不正購入被害1,000件「ドコモオンラインショップ」(2018年)
ドコモのオンラインストアが、外部サービスから流出したIDとパスワードを使ったリスト型攻撃によって不正アクセスを受け、約1000台のスマートフォンが不正に購入される被害が発生しました。「iPhone X」などの機種が無断で購入され、コンビニ受取を利用して端末が盗まれるという手口でした。この事件をきっかけにドコモはセキュリティ対策を強化し、不正に契約された端末の支払いを免除する措置を取りました。
参照元:不正なアクセス対策としての「2段階認証」ご利用のお願い
約46万件の個人情報漏洩「ユニクロ・GUオンラインストア」(2019年)
ファーストリテイリングとその傘下のユニクロ及びジーユー(GU)は、自社の公式オンラインストアがパスワードリスト攻撃を受け、約46万件のIDが不正にログインされたことを公表しました。この攻撃により、顧客の氏名、住所、電話番号などの個人情報が第三者に閲覧された可能性があります。さらに、クレジットカード番号の一部や、ユーザーが登録していた身体のサイズ情報も閲覧された可能性があるとされています。ただし、クレジットカードのセキュリティコードは保存していないため、これが漏えいした可能性はありません。 対策として、同社は該当するIDのパスワードを無効化し、ユーザーにパスワード変更を促しています。不正ログインの試行が確認されたのは4月23日から5月10日の間で、同社は不正アクセスの発生源を特定し遮断する措置を講じました。

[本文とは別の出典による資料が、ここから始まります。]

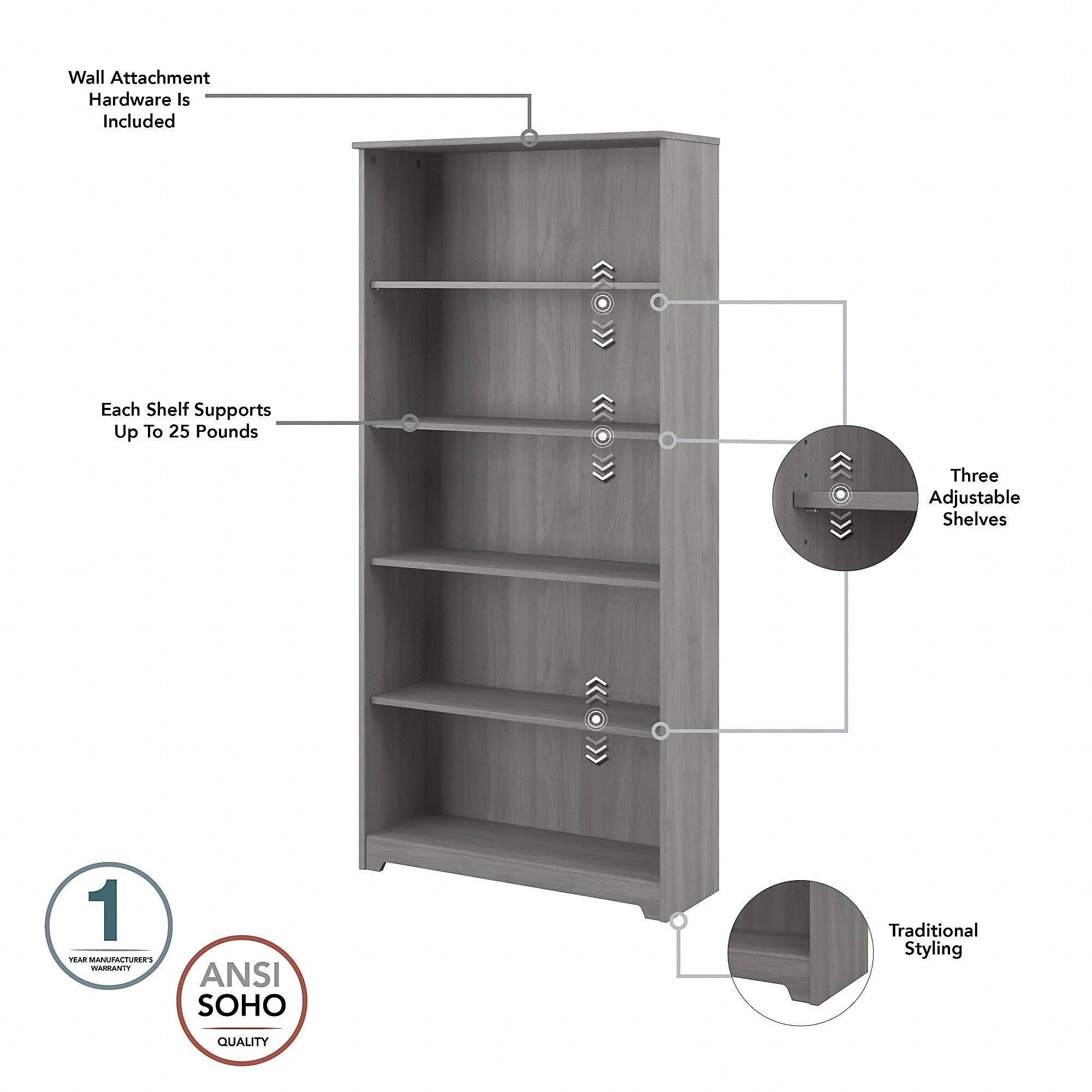 Bush Furniture Cabot Tall 5 Shelf Bookcase in Modern Gray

引用:「リスト型アカウントハッキング(リスト型攻撃)」による弊社オンラインストアサイトへの不正ログインの発生とパスワード変更のお願いについて
ブルートフォース攻撃・辞書攻撃との違い
パスワードリスト攻撃は、事前に入手したログイン情報を基に不正アクセスを試みる点で、ブルートフォース攻撃や辞書攻撃とは異なります。後者は、すべての可能性を試すか、一般的な単語やパターンを用いてアクセスを試みますが、パスワードリスト攻撃は特定のリストをもとに行われるため、比較的成功率が高くなります。
パスワードリスト攻撃の対策方法
パスワードリスト攻撃に対する対策は、個人ユーザーと企業の両方で行う必要があります。
- 個人ユーザーの対策: 異なるサービスで異なるパスワードを使用し、パスワード管理ツールを活用することが推奨されます。また、多要素認証の導入も有効です。
- 企業の対策: ログイン機能の強化、ログイン試行回数の制限、不正アクセス検知ツールの導入などが有効です。二段階認証や生体認証など、セキュリティを高めるログイン方法の導入を検討することが望ましいです。
パスワードリスト攻撃への対策は、セキュリティ意識の高いパスワード管理から始まります。パスワードを定期的に変更し、使いまわしを避けること、そして不審なメールには注意深く対処することが重要です。企業は、ユーザー教育の徹底とともに、先進的なセキュリティ技術の導入により、攻撃のリスクを最小限に抑えることができます。